In realtà il primo cosmonauta non era per nulla preoccupato della sua incolumità: era passato davanti a tutti per la sua attitudine alla matematica e la capacità di restare tranquillo davanti a ogni stress affrontato in addestramento tanto che aveva 62 di battito cardiaco mentre era in cima al razzo R7 alto 31 metri e caricato con 180 tonnellate di carburante pronto al decollo. Determinanti, però furono i suoi natali: mamma contadina, papà falegname. Il secondo in graduatoria, German Stepanovic Titov, era figlio di un maestro elementare, ma Kruscev voleva che fosse uno dei più umili figli della grande madre Russia a compiere l'impresa delle imprese. Gagarin, poi, aveva anche un notevole senso dell'ironia e non se la tirava per nulla: per non perdere tempo nel tragitto in auto fra la città (persa nelle steppe kazake) e il cosmodromo decise di stabilirsi in una modesta casetta di legno vicina alle rampe di lancio. Quando la si visita si resta interdetti da quel tinello spoglio, dalla minuscola ritirata e dal cucinotto da cui il cosmonauta coraggioso è partito per arrivare poi in parata fino al Cremlino, acclamato da tutta la Russia e invidiato, e persino temuto, dal resto del mondo, a cominciare dal presidente J.F. Kennedy appena insediatosi e atteso dopo pochi giorni al disastro della Baia dei Porci. Sulle spalle di Gagarin poggiava la supremazia tecnologica e politica dell'Unione Sovietica che per paura di perderlo non lo mandò più nello spazio, salvo poi piangerlo, appena sette anni dopo, nella caduta, mai del tutto chiarita, di un Mig15. Una morte in giovane età come si conviene a un eroe, all'uomo che decollò con il sorriso salutando con la parola Partiamo! (Poyekhali) entrata nel mito, così come quella prima descrizione aliena della Terra: «Lo spazio è nero, molto nero, la Terra è magnifica e azzurra». Gli attribuirono anche la frase «Non ho visto Dio nello spazio», ma non era farina del suo sacco, mentre lo era il manifesto spontaneo e inascoltato: «Dovremmo difendere la bellezza della Terra, non distruggerla».
I FRATELLI WRIGHT
Dal primato del 12 aprile 1961 a quello di domani: Ingenuity (Ingegnosità) è la grande novità della missione di Perseverance, la star dei rover marziani in azione ormai da due mesi.
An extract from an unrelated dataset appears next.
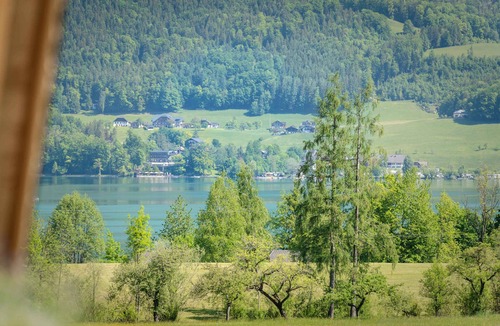 Strobl Apartment | Luxury Apartment at Lake Wolfgang | with Hot Tub for 4 Guests | panoramaNEST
Il mini-elicottero ha due bipale controrotanti in fibra di carbonio di un metro di diametro e pesa appena 2 chili (che su Marte valgono poco più di 7 etti). Funziona a energia solare e in automatico, perché è complicato pilotare da remoto un velivolo se i comandi impiegano 18 minuti ad andare e 18 a tornare: domani alle 4.45, con le sue due videocamere, si librerà per 40 secondi a 3 metri di quota e a non più di 100 metri di distanza dal rover-madre. Le immagini, anche in streaming grazie alla Nasa, arriveranno sulla Terra alle 10.15. Tanto rumore per uno svolazzo così? No, un piccolo volo per Ingegnosità, ma un grande balzo per la tecnologia aerospaziale che punta a schierare un altro mezzo di esplorazione: le sue pale girano a tremila giri al minuto, velocità strabiliante, 10 volte di più di quelle di un elicottero sulla Terra per compensare lo scarso sostegno ricavabile dall'assai rarefatta atmosfera marziana. E quei 3 metri di quota equivalgono a 34mila metri se comparati alla Terra, altezza irraggiungibile per un elicottero terrestre mai spintosi più in alto di 12.442 metri.
Del resto l'altro ieri Orville Wright, il 17 dicembre 1903 sulla spiaggia di Kitty Hawk nella Carolina del Nord, volò con il Flyer di legno e tela per 12 secondi a 3 metri di quota percorrendo meno di 50 metri: anche l'impresa di Gagarin e l'exploit di Ingenuity (che a bordo avrà un frammento del Flyer) sono cominciati quel giorno.